Après Cuinchy, j’ai plongé dans les champs, d’Auchy-les-Mines à Vermelles – cinq kilomètres de cavaliers quasi déserts. Parmi les rares personnes que j’ai croisées, une dame m’a abordée alors que je prenais la photo ci-dessous. Elle devait avoir beaucoup marché parce qu’il n’y avait pas d’habitations dans les alentours immédiats. Nous avons parlé de nos paysages, des bienfaits de la campagne et du mouvement. Ça fait du bien de marcher, m’a-t-elle dit – enfin, vous, vous êtes jeune, vous pouvez faire du vélo. J’ai acquiescé, dit que j’en profitais. Vous avez raison, il faut en profiter, elle a dit puis je l’ai regardée s’éloigner seule dans ses vêtements qui me rappelaient ceux de ma grand-mère, les mains vides, sans même un sac. Je m’inquiète souvent que les autres se sentent seuls – bien que j’apprécie moi-même beaucoup la solitude, je sais que quand on la subit (j’ai vécu ça pendant l’un des confinements), elle peut être le lieu le plus triste du monde. La dame est-elle veuve ? Ses copines n’aiment-elles pas marcher ? Ou n’en ont-elles plus la force ? La dame préfère-t-elle les chats aux chiens ? (Si j’ai ces pensées, est-ce aussi parce que ma meilleure amie se trouve à cette heure précise à l’enterrement de sa grand-mère ?)
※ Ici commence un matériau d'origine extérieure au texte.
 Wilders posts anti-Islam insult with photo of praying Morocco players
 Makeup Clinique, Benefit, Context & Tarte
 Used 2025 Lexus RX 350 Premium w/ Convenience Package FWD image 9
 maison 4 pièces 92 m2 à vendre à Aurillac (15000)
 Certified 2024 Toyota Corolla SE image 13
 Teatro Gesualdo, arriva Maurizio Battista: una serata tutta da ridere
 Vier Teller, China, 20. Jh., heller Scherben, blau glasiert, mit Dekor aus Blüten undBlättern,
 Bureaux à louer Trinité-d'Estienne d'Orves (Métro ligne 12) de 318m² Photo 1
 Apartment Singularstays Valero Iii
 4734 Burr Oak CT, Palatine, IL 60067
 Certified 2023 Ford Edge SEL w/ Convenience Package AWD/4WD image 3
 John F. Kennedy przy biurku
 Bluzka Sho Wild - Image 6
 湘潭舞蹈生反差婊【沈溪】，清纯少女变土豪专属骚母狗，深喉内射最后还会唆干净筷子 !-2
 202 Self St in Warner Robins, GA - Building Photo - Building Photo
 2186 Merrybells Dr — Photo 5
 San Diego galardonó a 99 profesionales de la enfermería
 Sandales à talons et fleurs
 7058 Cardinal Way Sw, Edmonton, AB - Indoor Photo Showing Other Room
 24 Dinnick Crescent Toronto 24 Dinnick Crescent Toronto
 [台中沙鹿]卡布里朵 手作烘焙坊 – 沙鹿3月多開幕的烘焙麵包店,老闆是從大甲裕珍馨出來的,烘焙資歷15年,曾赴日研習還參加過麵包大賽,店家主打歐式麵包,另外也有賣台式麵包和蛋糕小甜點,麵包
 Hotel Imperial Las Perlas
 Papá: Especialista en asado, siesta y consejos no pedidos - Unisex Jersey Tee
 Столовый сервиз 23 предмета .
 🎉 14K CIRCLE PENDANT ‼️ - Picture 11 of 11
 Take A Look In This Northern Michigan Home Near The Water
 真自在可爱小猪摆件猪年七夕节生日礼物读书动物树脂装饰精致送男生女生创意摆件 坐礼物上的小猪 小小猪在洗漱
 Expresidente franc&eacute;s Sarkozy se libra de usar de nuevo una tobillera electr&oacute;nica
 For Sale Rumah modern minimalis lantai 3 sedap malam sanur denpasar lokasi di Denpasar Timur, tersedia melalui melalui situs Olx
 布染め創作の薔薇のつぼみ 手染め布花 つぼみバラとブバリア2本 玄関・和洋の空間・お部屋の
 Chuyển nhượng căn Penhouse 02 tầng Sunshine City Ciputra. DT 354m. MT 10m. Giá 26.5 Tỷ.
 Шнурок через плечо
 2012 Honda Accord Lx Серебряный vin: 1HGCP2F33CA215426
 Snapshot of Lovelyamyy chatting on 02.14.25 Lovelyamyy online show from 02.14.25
Le terril ci-dessous est celui que la grand-mère d’une autre de mes amies a vu toute sa vie ; elle vivait juste à côté, à Vermelles. Ici, vu depuis l’usine AZF de Mazingarbe.

Ci-dessous, toujours à Mazingarbe – à quelques centaines de mètres du sous-marin verdoyant de Grenay que l’on devine en arrière-plan -, ce passage à niveau pédagogique : « L’approche d’un train est annoncée par l’allumage des feux rouges clignotants et le tintement des sonneries », nous apprend ce panneau. Merci, je me suis toujours demandé à quoi servaient ces signaux. Il ne me reste plus qu’à découvrir la fonction des barrières blanches à pointillés rouges.

Et le voici, l’un des plus beaux et des plus étranges terrils des environs, le 58.

Alors, quel est l’intrus ?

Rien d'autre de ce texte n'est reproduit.